Catagonus metropolitanus Temporal range: Pleistocene

Scientific classification
- Domain: Eukaryota
- Kingdom: Animalia
- Phylum: Chordata
- Class: Mammalia
- Order: Artiodactyla
- Family: Tayassuidae
- Genus: Catagonus
- Species: †C. metropolitanus
- Binomial name: †Catagonus metropolitanus Ameghino, 1904

= Catagonus metropolitanus =

- Genus: Catagonus
- Species: metropolitanus
- Authority: Ameghino, 1904

Extinct species of peccary

Catagonus metropolitanus is an extinct species of peccary known from the Pleistocene of Argentina.

==Taxonomy==
Catagonus metropolitanus is notable as the type species of a genus that contains a living species; the Chacoan peccary. The living Chacoan peccary was first described in 1930 from subfossil remains, and was only found alive by scientists in 1972, making it an example of a Lazarus taxon.
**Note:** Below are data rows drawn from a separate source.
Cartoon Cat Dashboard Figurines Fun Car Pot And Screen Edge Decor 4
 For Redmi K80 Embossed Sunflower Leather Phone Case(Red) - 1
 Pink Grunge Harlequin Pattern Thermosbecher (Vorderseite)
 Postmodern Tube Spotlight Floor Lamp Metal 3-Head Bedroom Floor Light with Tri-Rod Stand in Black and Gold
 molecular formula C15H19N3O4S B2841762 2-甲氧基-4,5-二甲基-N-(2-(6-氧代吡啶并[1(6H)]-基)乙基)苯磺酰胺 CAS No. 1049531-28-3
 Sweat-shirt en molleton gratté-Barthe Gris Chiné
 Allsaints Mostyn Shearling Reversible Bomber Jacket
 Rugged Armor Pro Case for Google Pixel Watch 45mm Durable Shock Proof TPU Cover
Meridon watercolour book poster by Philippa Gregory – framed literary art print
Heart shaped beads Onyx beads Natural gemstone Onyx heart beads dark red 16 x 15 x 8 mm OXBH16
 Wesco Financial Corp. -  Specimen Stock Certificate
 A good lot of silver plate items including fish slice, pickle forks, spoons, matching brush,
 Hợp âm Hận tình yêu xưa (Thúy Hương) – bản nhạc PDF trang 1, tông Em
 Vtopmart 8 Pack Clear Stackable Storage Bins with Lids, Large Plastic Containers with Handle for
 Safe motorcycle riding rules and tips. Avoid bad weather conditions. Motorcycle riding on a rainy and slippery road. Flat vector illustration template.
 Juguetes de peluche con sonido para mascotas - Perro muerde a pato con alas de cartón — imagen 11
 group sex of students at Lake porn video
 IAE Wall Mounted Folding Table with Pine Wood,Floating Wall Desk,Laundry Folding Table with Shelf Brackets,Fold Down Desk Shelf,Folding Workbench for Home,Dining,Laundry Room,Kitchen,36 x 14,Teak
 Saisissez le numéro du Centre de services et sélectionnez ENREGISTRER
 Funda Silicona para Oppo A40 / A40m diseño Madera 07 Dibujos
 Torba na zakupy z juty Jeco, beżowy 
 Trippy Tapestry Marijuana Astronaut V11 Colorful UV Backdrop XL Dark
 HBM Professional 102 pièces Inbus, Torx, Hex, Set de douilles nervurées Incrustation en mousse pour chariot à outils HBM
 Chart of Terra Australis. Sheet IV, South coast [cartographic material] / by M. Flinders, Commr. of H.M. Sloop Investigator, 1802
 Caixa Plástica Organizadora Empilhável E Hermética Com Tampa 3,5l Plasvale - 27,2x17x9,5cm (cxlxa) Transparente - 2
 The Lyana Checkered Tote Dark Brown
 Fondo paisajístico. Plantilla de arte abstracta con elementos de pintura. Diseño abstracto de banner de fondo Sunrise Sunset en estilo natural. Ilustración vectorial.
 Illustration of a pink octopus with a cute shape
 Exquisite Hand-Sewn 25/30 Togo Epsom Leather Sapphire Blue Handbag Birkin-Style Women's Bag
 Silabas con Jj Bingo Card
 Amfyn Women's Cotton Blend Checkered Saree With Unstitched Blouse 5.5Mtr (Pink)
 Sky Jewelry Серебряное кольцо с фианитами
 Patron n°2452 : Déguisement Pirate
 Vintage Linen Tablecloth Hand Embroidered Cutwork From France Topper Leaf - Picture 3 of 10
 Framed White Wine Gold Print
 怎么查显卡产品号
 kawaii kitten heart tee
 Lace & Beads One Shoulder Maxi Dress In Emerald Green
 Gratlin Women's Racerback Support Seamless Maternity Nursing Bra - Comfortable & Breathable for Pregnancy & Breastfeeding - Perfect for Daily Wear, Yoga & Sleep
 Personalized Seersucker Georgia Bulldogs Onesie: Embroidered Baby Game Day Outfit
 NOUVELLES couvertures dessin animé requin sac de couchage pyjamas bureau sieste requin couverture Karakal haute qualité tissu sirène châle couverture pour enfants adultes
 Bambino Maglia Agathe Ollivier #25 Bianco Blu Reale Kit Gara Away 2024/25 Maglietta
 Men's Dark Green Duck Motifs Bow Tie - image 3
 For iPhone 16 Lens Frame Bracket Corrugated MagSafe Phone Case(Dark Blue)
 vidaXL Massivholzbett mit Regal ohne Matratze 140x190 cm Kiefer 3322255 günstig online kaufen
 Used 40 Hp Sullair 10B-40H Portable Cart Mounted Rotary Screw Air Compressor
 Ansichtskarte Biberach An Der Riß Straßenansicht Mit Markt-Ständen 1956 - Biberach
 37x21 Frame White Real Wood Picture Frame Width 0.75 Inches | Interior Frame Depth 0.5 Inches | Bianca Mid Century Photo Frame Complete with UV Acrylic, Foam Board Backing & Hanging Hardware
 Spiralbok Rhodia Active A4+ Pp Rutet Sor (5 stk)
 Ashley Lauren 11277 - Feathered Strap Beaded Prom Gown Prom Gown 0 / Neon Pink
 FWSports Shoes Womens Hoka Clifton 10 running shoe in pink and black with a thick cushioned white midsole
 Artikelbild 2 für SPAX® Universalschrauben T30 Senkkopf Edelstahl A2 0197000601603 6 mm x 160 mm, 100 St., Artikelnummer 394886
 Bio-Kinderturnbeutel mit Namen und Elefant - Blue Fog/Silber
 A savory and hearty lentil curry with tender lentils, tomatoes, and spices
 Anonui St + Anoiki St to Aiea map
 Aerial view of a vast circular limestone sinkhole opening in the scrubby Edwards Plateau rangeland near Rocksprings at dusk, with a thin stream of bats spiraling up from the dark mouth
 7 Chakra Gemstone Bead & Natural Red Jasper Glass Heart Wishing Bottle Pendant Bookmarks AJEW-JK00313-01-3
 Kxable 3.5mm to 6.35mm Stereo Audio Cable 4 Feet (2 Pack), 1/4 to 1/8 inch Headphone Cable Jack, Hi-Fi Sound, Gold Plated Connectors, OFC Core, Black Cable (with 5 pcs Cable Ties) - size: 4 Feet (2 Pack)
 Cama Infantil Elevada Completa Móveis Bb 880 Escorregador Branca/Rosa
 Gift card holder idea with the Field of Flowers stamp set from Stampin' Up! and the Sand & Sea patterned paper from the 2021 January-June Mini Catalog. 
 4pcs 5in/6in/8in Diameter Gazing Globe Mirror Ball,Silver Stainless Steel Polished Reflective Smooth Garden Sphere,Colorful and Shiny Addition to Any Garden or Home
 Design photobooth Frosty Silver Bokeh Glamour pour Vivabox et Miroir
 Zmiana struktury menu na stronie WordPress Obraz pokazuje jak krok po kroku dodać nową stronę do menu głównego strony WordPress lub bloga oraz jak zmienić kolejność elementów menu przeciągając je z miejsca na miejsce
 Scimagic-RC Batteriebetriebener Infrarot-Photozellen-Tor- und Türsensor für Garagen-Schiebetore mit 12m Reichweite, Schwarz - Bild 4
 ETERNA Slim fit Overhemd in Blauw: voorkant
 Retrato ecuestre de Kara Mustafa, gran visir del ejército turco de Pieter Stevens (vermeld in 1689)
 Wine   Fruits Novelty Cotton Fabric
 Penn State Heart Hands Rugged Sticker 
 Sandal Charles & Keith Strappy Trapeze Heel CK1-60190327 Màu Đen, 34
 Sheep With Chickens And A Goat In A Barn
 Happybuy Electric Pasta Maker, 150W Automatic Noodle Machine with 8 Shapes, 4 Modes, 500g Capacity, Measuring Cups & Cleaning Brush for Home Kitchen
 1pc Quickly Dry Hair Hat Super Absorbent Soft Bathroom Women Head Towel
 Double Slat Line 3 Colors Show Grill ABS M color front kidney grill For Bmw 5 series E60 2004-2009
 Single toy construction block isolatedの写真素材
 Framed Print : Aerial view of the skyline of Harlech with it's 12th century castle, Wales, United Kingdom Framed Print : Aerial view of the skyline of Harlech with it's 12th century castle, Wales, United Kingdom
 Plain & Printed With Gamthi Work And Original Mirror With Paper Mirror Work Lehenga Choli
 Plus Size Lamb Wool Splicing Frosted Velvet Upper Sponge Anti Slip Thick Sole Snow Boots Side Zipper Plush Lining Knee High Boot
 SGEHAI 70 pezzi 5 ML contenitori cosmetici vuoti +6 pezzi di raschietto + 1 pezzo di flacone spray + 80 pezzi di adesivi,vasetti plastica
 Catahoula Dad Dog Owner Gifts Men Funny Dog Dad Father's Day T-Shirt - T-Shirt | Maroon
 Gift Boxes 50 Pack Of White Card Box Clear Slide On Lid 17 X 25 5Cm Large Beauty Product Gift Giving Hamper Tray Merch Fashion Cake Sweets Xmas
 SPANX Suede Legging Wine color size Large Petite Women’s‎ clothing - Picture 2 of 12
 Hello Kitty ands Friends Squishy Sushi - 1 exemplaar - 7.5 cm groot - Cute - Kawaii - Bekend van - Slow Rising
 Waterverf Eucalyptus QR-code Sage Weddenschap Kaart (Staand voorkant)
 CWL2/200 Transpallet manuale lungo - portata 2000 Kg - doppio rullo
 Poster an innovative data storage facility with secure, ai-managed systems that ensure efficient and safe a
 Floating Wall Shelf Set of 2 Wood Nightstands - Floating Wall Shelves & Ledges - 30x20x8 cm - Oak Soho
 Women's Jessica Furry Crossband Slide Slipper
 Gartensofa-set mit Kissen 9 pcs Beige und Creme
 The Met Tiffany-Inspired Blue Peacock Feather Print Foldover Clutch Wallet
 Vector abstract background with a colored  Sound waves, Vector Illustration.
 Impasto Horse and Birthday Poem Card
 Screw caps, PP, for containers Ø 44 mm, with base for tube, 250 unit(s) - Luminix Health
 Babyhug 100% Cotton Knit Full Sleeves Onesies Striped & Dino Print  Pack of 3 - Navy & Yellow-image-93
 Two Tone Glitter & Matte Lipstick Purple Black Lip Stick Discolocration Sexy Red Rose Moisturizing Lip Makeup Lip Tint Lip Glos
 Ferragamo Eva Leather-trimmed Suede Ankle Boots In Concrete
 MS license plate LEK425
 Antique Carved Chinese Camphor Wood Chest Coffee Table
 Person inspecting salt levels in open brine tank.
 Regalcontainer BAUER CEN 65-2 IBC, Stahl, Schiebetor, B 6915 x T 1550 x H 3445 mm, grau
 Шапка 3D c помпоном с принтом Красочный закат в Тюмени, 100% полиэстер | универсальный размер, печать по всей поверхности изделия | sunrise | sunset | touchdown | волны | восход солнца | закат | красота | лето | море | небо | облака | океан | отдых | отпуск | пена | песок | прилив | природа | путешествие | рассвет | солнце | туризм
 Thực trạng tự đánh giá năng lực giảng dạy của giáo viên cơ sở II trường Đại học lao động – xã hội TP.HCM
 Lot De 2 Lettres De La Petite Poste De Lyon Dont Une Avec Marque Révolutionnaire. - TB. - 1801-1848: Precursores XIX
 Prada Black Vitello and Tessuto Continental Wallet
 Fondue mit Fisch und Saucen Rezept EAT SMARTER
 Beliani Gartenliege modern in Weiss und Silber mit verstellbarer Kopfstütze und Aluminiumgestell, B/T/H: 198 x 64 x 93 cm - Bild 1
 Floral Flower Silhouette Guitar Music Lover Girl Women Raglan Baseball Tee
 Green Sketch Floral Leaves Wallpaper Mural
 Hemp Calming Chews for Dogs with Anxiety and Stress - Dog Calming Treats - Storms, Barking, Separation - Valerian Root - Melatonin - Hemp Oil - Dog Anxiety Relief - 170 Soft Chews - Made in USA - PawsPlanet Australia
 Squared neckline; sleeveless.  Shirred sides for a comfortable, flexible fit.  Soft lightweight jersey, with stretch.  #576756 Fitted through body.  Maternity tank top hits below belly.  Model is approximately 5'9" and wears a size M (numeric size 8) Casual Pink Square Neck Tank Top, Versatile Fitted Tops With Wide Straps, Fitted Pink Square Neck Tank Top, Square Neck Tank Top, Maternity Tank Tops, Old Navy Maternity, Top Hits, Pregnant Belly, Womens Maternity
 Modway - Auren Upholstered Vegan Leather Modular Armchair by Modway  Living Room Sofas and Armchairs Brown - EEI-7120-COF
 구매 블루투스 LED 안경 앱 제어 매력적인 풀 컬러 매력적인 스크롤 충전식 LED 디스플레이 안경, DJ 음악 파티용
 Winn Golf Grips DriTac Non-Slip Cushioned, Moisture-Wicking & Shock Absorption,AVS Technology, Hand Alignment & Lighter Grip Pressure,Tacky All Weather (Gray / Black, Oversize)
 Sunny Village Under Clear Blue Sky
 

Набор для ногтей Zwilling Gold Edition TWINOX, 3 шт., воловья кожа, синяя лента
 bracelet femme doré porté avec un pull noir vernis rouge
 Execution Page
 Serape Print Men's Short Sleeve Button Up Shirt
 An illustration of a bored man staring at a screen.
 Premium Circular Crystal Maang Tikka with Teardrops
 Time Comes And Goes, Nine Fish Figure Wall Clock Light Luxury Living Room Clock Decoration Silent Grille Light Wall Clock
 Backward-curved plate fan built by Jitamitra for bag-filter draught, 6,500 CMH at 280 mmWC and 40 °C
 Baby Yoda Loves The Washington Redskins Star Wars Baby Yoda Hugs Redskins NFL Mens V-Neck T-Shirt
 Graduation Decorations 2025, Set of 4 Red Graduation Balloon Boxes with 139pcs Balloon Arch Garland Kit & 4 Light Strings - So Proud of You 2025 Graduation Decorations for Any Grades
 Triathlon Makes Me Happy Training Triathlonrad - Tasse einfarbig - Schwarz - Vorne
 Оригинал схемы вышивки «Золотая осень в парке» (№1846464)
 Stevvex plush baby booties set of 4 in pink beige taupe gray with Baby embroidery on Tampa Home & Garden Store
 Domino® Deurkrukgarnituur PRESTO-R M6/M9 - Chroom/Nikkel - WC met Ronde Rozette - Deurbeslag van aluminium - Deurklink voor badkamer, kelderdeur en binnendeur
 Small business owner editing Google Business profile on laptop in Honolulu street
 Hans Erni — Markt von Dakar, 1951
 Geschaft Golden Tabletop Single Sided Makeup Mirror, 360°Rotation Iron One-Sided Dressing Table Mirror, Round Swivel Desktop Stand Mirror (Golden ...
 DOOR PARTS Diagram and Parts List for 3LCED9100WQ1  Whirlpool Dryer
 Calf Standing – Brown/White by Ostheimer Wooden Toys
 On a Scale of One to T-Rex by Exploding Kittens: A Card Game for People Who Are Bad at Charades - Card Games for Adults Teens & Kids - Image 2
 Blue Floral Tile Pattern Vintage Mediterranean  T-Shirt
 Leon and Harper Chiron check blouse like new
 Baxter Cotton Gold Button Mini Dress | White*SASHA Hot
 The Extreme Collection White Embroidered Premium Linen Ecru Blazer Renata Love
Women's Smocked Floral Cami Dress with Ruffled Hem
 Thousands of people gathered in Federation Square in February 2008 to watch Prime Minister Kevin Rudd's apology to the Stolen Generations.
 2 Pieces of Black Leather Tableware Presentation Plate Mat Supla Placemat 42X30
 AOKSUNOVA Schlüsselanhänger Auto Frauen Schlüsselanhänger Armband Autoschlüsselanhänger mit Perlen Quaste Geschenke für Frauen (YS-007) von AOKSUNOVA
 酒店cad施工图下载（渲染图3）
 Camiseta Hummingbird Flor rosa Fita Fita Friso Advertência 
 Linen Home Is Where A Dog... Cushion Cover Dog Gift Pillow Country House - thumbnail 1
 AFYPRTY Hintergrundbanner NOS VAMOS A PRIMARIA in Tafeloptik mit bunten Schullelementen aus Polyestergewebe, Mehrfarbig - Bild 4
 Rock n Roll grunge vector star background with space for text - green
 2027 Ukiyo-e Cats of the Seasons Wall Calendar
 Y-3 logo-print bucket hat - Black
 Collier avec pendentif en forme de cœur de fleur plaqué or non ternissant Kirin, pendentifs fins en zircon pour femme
A 2017 study on the phylogenetic systematics of Tayassuidae species suggests that Catagonus should only contain C. metropolitanus. The extinct narrow-headed peccary (C. stenocephalus) should be moved to Brasiliochoerus, while the Chacoan peccary, C. bonaerensis and C. carlesi should be placed in Parachoerus. If this is accepted, then Catagonus would become an extinct genus once more.